According to the Ohio Coalition for the Education of Children with Disabilities, special education funding fell $210 million short of what was needed. That is a serious problem. Add to that the fact that many poor mothers do not have adequate paid leave which is needed to attend to the needs of a sick or developmentally compromised child. Many, many poor mothers have jobs which do not include a provision for compassion. Poor mothers often have to make a choice as to whether they will leave work and risk losing their jobs in order to take care of a special-needs child, or just throw the child into school and hope for the best.
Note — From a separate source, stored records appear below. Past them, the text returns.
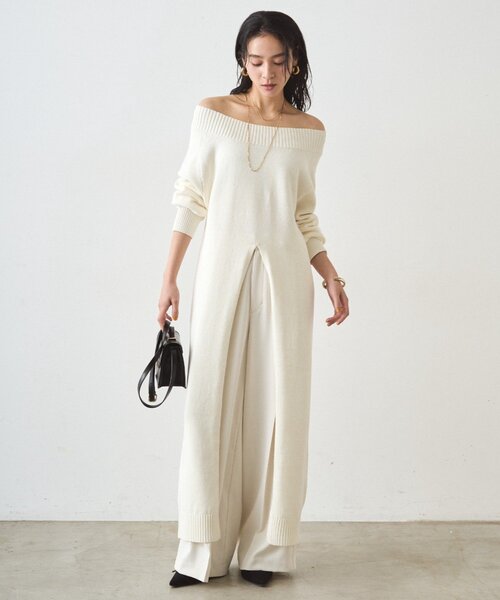 LOUNGEDRESS(ラウンジドレス)の「ハイスリットニットワンピース(ワンピース・レディース・ネイビー/オフホワイト・FREE)」の3枚目の写真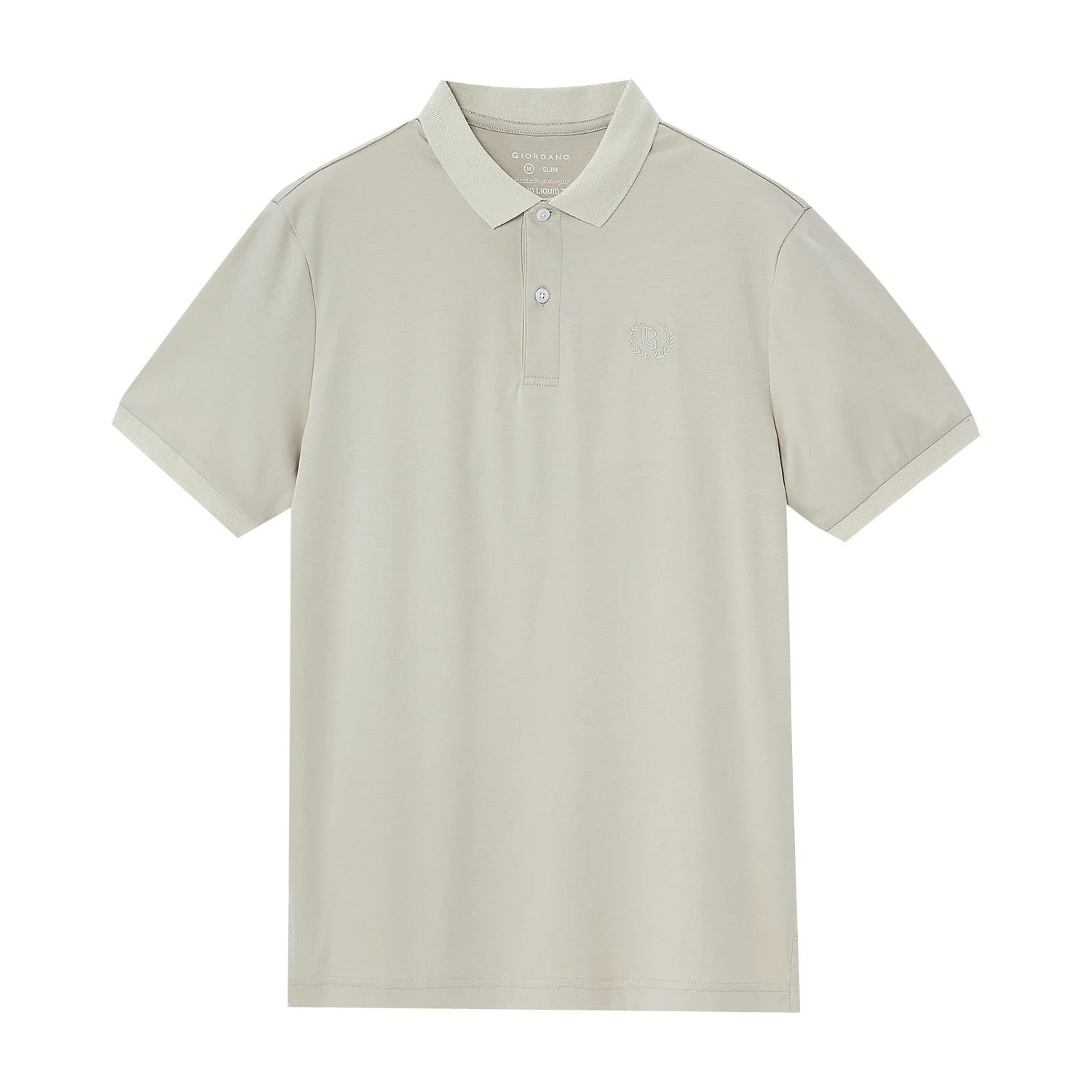 قميص بولو قطني محبوك مسطح بياقة وأكمام قصيرة وتطريز ضيق بلون سادة (ملمس سائل)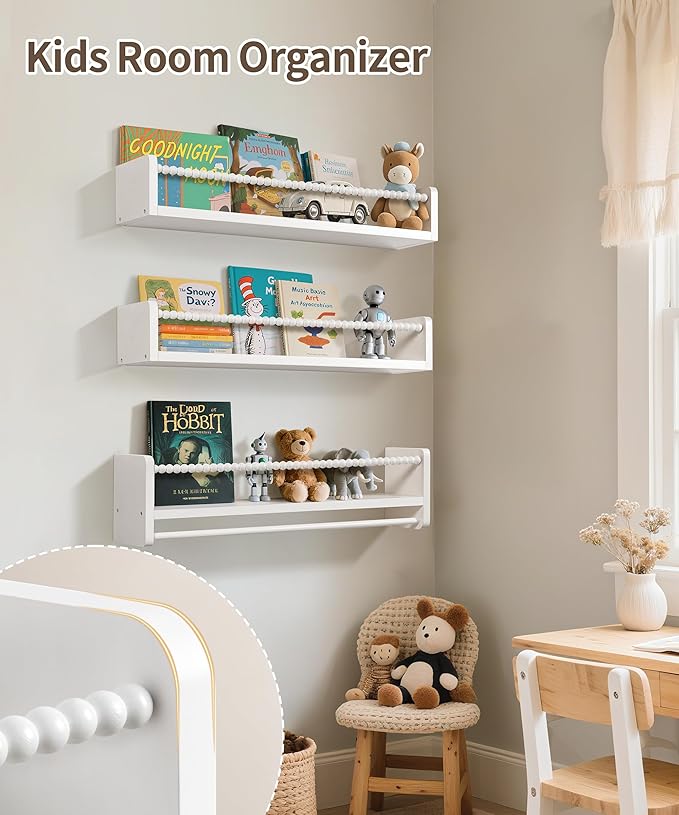 Maxpeuvon 23 Inch Kids Bookshelves Set of 3, Natural Wooden Floating Shelves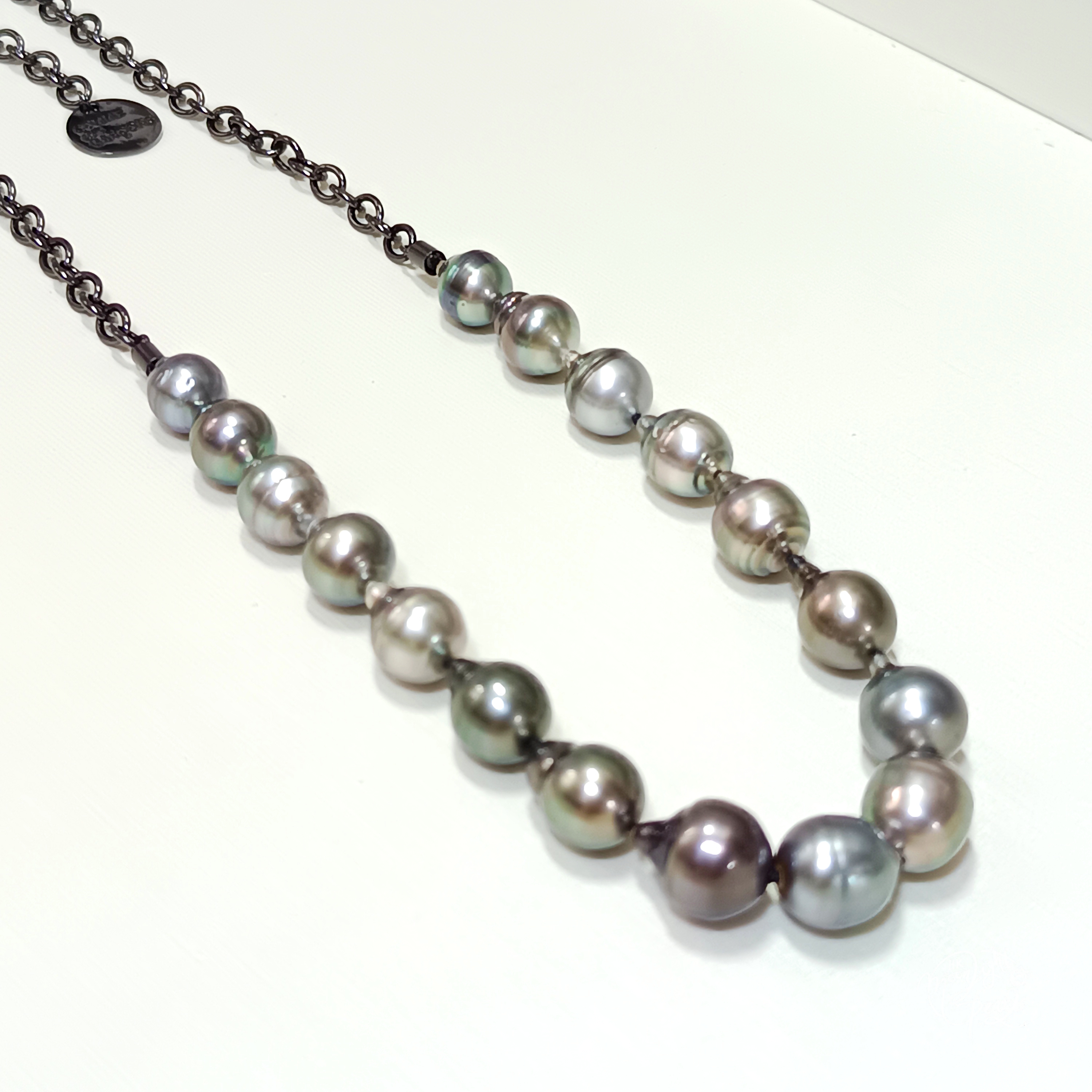 大溪地極光炫彩滑皮巴洛克珍珠精工s925銀MIKIMOTO同款暗黑元素項鍊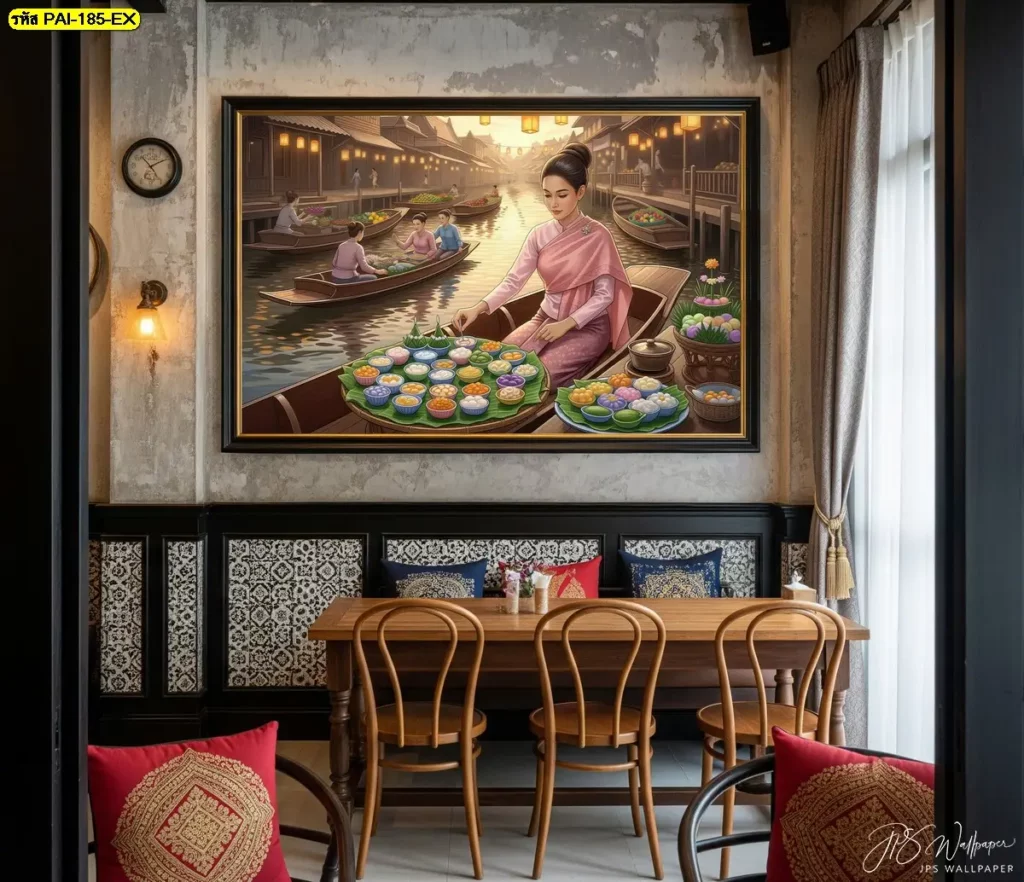 วอลเปเปอร์ลายแม่ค้าขายขนมไทย สร้างบรรยากาศคาเฟ่ขนมไทย แบบวิถีไทย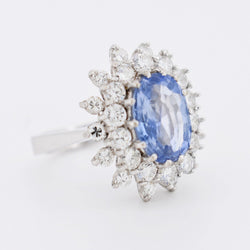 Bague Pompadour Saphir Ceylan 4,67 carats et Diamants - Castafiore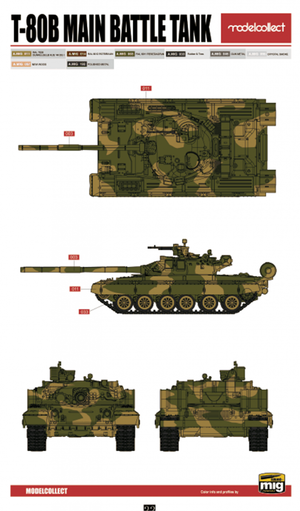 Modelcollect UA72193 Soviet T-80 Main Battle Tank 1970S-1990S N in1 1/72 – immagine 25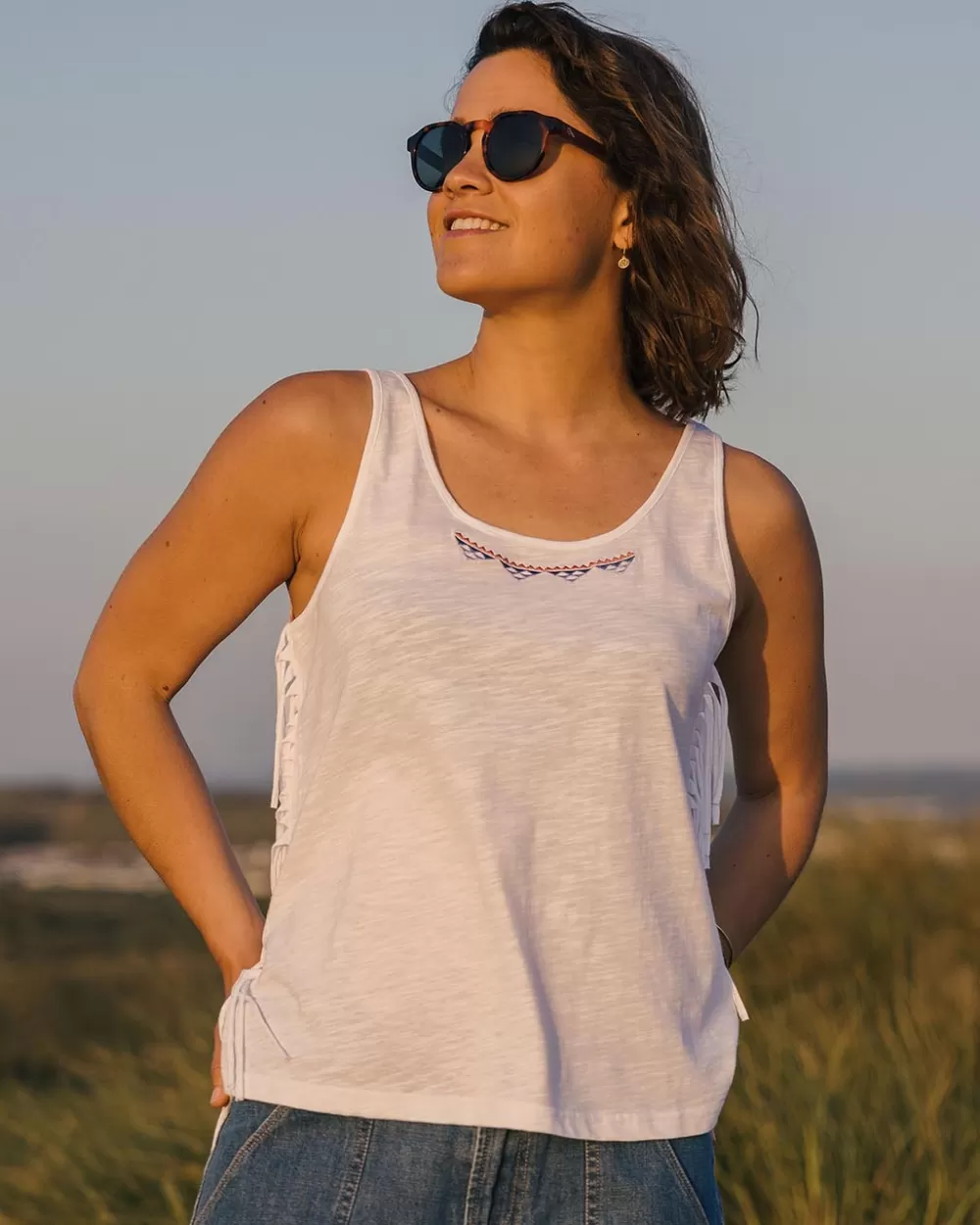 Vestaglie Estive in Cotone Riciclato con Frange di Papavero - Top Senza Maniche Donna Passenger Collection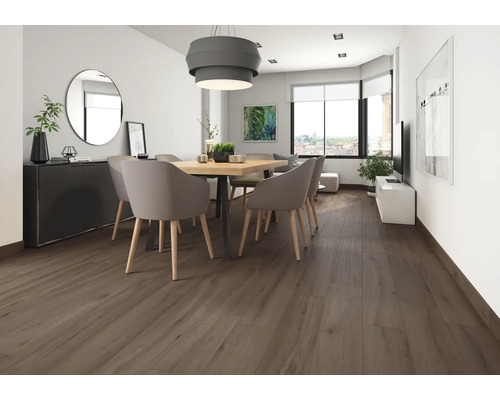 Světlá jídelna s dřevěnou podlahou, jídelním stolem a židlemi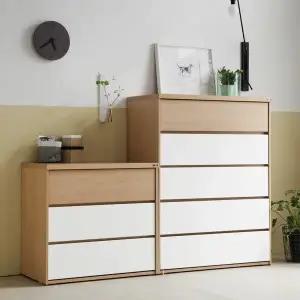 [보루네오하우스]아르메 라떼 서랍장 세트(와이드3단+980 5단)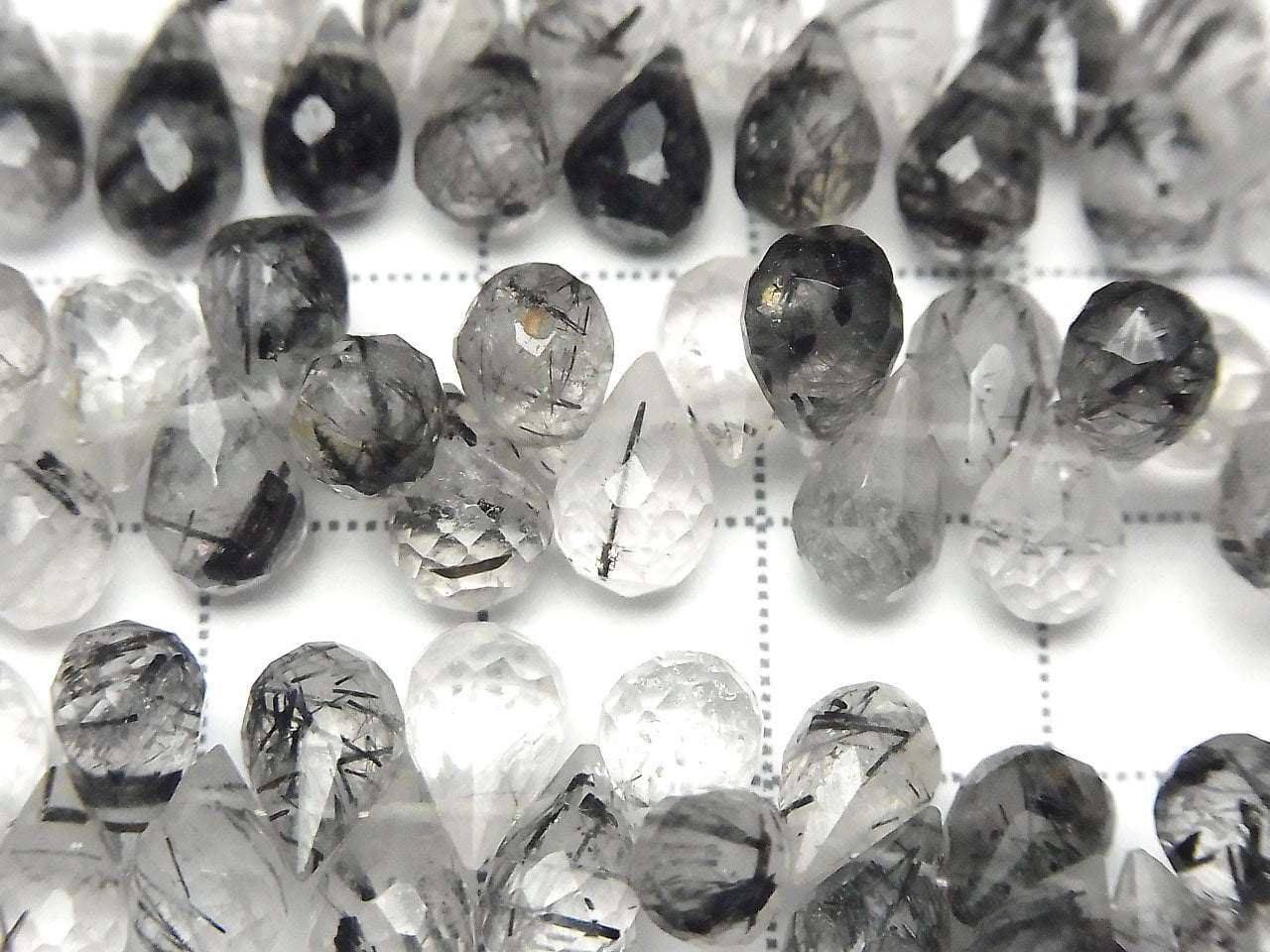 High Quality Tourmaline Quartz AAA- Drop Faceted Briolette 1strand beads (aprx.7inch/18cm)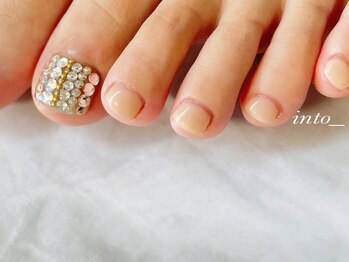 ネイルサロン イントゥ(into_)/フット　埋め尽くし　ストーン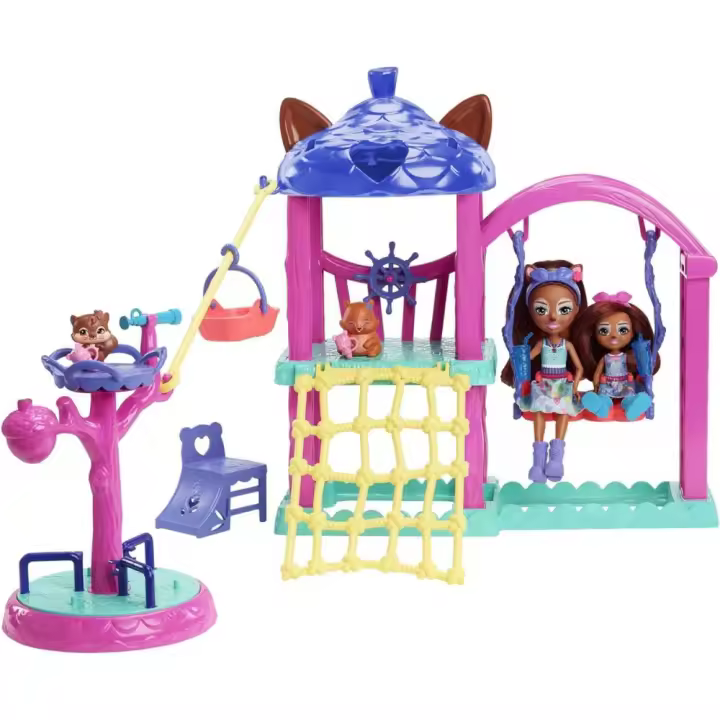 Parque de juegos de Sabine y Seneca Squirrel Enchantimals City Tails Dos muñecas con mascotas ardilla MATTEL (HHC16) - 1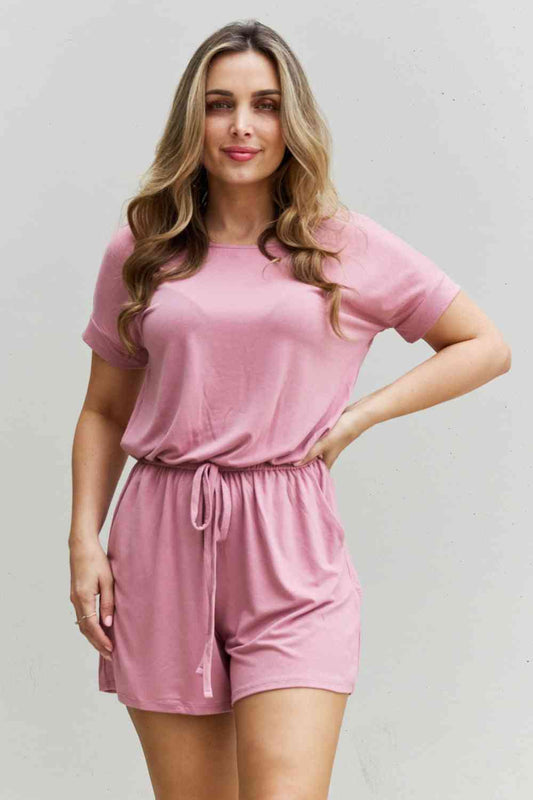 Zenana Chilled Out Full Size Short Sleeve Romper in Light Carnation Pink - Moonlight Boutique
That being said, this bill goes straight to the heart of this problem. If a doctor tells a mother she may have a child with Down syndrome and she decides she cannot do it, under this bill she has no options. If a doctor provides an abortion for a woman because she has been told her child will be born with Down syndrome, that doctor can be charged with a 4th degree felony and can have his/her license revoked. Women who make the gut-wrenching decision to have an abortion because they feel they cannot afford to take care of a special-needs children are the ultimate losers under this bill – as are their children. The society ultimately loses, too, because poor, sick, untreated babies grow up to be poor, sick, untreated adults. They suffer as children and as adults, and as they act out in antisocial behavior, the society suffers as well.
Were the playing field level, with all disabled children able to get the kind of care the children my daughter works with, my passion on this would not be so great. I have seen how the children she works with flourish with the care they receive and, on the other hand, I see how poor children, with the same issues, are labeled and cast into a place of dishonor, suffering, and pain.
Chairman Burke, Vice Chair Beagle, Ranking Member Tavares, and members of the committee, thank you for giving me the opportunity to speak. I am happy to answer any question you may have.